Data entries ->
--

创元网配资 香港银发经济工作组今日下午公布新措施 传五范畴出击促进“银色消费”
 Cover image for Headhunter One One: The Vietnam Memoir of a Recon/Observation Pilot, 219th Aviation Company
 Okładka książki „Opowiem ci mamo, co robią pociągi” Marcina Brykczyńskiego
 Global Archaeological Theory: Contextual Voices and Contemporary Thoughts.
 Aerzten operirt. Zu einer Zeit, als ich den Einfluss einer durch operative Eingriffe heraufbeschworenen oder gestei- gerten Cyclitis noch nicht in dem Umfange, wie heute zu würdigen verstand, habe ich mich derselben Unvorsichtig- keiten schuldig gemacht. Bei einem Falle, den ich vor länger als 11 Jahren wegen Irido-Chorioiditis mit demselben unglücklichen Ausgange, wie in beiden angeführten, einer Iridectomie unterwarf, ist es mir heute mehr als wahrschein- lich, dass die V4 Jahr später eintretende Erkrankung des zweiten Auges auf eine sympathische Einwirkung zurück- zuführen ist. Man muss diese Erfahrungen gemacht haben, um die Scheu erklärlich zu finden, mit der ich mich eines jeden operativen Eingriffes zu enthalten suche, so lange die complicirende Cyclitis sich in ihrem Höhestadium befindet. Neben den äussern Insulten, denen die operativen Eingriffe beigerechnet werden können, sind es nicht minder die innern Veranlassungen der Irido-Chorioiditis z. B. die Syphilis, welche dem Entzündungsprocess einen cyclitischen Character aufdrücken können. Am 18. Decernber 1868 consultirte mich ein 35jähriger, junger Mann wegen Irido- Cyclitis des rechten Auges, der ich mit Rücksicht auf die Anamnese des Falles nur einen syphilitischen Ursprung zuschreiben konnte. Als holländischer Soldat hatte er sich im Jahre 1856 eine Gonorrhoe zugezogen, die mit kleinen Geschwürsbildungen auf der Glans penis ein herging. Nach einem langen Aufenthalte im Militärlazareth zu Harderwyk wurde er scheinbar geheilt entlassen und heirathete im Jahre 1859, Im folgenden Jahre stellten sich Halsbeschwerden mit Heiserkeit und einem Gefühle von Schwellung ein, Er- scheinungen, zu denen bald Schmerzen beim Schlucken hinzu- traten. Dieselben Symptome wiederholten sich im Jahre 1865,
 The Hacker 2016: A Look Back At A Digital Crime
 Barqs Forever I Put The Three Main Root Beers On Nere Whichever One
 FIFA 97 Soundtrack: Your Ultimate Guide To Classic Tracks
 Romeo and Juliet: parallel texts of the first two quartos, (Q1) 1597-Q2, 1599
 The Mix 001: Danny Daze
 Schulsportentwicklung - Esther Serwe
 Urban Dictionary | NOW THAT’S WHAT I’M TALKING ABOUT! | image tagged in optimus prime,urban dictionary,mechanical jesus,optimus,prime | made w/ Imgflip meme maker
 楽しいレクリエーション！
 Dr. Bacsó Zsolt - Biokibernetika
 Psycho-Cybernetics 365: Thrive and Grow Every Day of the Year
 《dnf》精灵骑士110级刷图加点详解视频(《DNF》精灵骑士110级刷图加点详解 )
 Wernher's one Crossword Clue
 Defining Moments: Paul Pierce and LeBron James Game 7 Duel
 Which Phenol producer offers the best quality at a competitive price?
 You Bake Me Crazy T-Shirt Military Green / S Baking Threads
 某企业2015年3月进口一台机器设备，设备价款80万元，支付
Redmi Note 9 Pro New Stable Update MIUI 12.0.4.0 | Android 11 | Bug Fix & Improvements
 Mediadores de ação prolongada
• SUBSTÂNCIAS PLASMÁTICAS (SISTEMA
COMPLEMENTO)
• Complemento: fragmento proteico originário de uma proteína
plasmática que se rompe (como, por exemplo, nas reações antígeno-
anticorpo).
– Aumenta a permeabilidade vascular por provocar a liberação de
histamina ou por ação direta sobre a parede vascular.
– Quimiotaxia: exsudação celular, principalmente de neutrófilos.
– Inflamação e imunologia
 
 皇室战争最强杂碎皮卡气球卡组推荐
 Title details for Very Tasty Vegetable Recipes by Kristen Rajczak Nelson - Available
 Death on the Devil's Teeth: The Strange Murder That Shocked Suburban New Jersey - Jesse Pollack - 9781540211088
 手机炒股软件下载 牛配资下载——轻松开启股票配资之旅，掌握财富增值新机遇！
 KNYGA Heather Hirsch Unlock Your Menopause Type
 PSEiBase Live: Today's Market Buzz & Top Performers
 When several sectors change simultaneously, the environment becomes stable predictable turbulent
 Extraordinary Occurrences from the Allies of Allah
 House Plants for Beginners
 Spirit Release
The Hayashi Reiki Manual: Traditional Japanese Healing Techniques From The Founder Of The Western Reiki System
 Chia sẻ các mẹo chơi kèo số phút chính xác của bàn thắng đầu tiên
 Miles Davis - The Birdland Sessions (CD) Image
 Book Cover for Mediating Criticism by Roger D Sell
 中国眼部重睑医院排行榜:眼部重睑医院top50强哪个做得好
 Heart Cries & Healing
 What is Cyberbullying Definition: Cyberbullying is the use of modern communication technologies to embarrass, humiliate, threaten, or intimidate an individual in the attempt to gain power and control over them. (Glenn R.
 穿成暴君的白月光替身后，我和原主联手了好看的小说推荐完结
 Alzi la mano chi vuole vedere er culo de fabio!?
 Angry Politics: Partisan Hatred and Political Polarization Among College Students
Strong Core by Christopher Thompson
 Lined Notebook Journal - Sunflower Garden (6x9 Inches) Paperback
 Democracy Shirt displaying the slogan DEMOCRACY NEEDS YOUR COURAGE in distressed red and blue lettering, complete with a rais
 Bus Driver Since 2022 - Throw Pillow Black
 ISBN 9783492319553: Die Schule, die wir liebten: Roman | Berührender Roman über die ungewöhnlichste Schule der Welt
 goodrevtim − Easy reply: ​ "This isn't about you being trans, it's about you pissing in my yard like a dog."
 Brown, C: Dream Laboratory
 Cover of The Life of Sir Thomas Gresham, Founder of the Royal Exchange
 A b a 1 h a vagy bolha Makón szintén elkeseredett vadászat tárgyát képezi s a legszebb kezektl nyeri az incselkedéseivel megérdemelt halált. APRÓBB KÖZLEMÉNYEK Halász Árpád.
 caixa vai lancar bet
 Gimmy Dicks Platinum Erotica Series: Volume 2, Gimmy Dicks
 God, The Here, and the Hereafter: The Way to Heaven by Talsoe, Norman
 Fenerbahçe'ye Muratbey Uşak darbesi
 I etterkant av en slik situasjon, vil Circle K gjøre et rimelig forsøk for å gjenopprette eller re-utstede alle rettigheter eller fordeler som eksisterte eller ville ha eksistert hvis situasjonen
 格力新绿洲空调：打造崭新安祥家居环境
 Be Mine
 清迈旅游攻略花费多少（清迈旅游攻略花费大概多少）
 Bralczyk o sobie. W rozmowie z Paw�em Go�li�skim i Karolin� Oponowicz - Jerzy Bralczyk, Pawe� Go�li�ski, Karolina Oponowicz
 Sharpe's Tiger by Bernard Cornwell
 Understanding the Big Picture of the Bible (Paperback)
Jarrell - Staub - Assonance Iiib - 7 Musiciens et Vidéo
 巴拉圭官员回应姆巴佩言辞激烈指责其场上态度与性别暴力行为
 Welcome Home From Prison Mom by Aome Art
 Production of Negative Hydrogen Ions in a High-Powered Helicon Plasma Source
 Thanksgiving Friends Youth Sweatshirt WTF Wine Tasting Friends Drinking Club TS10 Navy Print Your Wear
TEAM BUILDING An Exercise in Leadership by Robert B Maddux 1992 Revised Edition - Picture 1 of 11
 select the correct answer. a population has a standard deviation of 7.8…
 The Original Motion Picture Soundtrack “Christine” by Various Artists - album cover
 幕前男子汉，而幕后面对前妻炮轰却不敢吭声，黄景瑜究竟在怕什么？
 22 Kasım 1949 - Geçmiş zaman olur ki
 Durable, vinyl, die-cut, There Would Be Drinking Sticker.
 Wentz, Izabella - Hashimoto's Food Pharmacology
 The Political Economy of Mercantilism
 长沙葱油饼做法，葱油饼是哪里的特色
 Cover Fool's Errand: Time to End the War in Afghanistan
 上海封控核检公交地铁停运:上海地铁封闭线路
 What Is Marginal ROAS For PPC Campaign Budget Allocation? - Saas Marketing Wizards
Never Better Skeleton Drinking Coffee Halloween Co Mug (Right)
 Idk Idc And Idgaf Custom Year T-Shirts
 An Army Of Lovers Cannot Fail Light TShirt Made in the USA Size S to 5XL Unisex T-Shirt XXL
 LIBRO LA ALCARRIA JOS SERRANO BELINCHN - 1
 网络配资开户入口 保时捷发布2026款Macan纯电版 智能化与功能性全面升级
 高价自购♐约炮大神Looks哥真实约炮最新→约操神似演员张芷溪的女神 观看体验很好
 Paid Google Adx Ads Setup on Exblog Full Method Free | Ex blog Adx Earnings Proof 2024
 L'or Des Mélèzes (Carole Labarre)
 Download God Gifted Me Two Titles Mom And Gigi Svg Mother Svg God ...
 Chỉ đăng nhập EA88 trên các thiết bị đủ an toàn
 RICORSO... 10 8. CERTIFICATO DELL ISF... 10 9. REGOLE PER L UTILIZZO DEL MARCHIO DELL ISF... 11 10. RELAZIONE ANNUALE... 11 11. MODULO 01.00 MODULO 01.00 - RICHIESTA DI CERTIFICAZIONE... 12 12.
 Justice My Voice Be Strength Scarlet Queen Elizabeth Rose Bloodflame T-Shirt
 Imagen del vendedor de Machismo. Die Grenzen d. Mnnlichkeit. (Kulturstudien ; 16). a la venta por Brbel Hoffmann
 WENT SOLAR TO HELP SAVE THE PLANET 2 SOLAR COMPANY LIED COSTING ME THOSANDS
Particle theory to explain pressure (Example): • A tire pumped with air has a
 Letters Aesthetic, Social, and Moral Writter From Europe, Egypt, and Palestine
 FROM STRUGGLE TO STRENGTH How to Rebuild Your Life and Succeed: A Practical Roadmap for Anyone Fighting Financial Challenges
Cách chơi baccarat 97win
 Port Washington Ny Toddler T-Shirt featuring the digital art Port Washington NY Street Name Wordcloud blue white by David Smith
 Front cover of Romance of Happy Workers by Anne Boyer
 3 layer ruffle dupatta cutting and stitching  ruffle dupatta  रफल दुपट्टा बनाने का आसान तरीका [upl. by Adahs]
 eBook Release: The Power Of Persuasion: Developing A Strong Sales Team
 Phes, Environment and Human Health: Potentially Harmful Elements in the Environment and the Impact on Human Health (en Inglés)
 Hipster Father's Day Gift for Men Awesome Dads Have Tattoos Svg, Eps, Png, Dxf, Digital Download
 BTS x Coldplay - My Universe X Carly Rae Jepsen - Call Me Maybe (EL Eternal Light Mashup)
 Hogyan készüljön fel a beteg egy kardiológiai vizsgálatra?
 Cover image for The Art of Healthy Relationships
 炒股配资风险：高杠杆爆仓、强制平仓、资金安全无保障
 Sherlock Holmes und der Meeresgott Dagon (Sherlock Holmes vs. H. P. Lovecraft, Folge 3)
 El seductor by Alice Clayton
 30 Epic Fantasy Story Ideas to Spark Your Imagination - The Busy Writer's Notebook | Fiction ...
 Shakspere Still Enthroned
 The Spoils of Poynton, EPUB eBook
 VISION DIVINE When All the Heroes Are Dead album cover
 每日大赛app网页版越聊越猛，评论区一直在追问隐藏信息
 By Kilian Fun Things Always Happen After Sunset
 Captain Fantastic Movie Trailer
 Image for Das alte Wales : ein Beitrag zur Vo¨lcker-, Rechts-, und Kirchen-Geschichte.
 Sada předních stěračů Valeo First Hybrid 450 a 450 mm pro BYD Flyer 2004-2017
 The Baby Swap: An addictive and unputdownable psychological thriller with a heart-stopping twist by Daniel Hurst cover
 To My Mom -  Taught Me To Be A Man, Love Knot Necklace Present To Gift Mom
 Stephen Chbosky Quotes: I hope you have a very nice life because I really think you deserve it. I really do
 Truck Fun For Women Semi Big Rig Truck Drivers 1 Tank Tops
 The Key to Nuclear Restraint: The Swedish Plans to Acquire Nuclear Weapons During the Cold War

--

What to produce -> From the entries, report each line that includes the word "Year".

Answer section ->
 Psycho-Cybernetics 365: Thrive and Grow Every Day of the Year
 Idk Idc And Idgaf Custom Year T-Shirts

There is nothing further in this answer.